**TASK DIRECTIONS:** Since the records include pictures, leave those out while you reproduce exactly and only the lines from the one containing "Luxury cushions refreshing your window seat" through the one containing "Cereal restock", inclusive.

**EXERCISE DATA:**

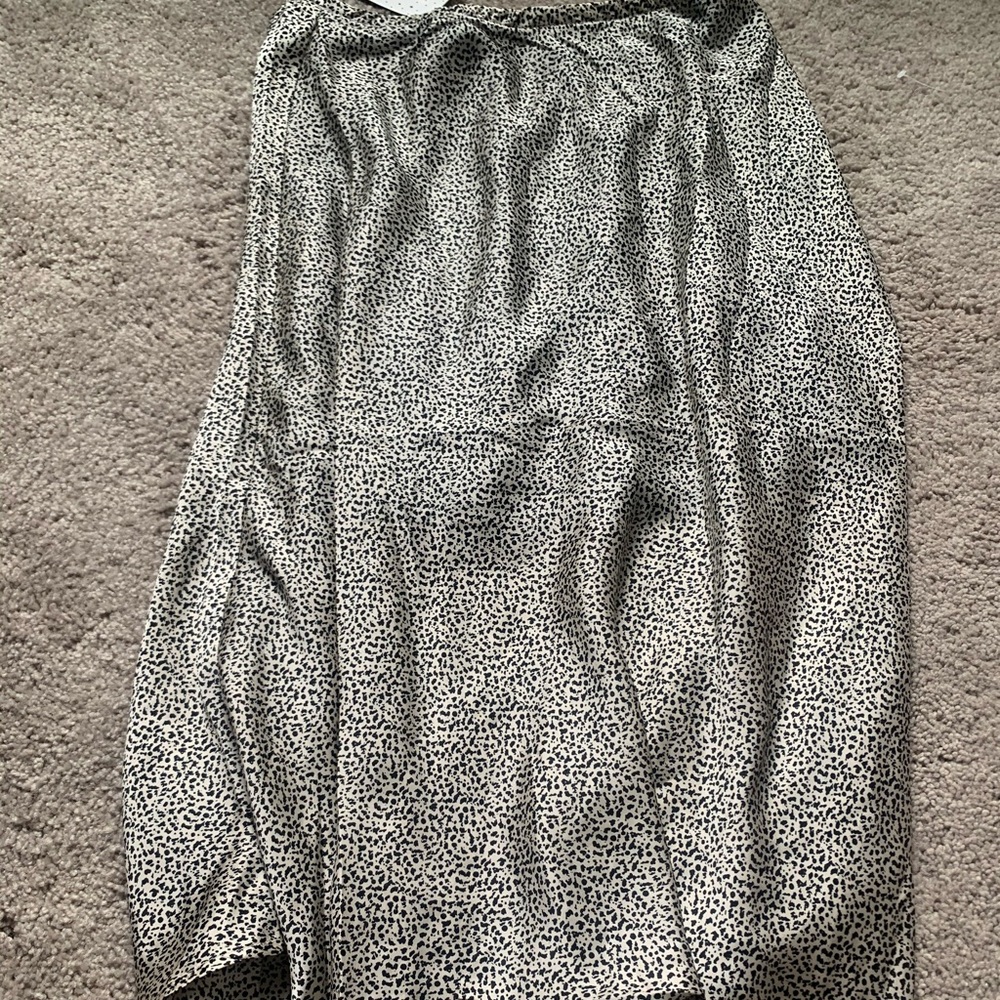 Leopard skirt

--

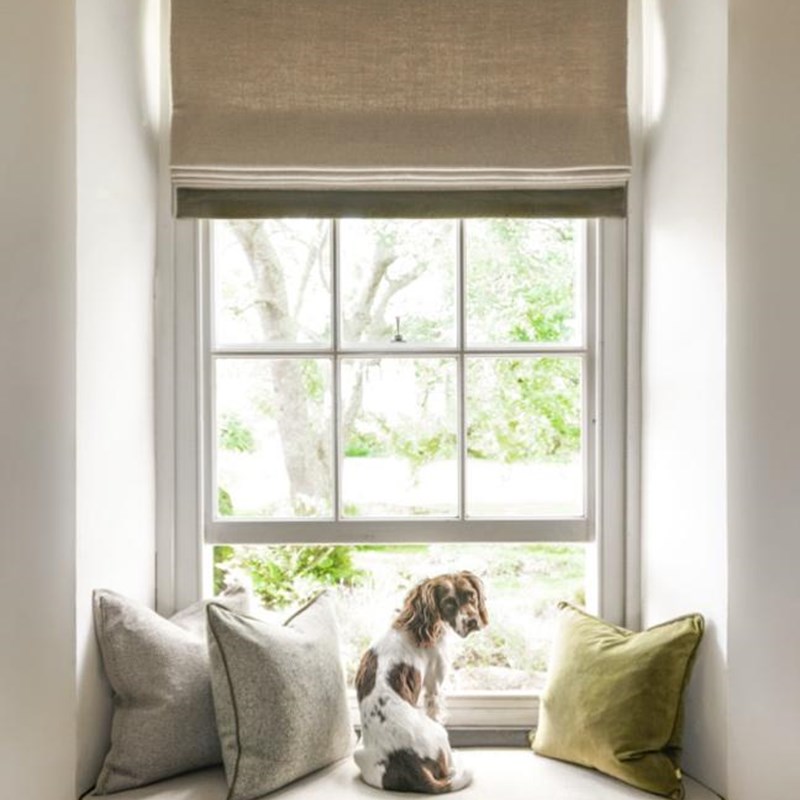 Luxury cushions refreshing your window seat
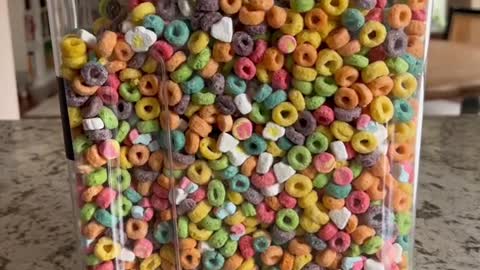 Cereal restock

---

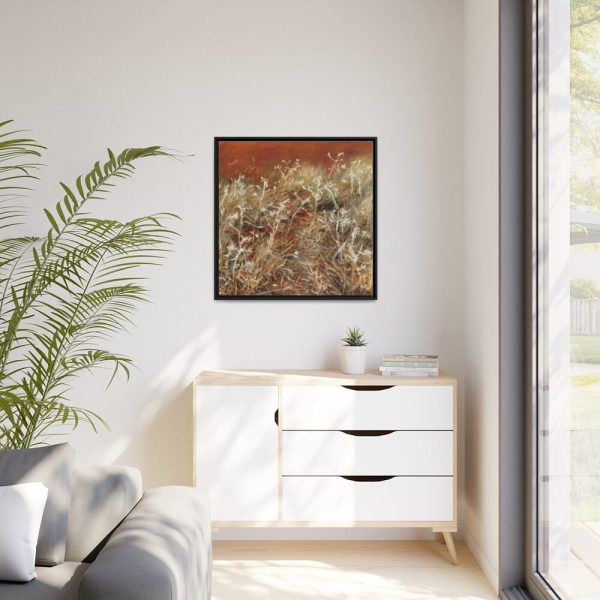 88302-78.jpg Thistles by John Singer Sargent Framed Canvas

**SOLUTION BELOW:**
 Luxury cushions refreshing your window seat
 Cereal restock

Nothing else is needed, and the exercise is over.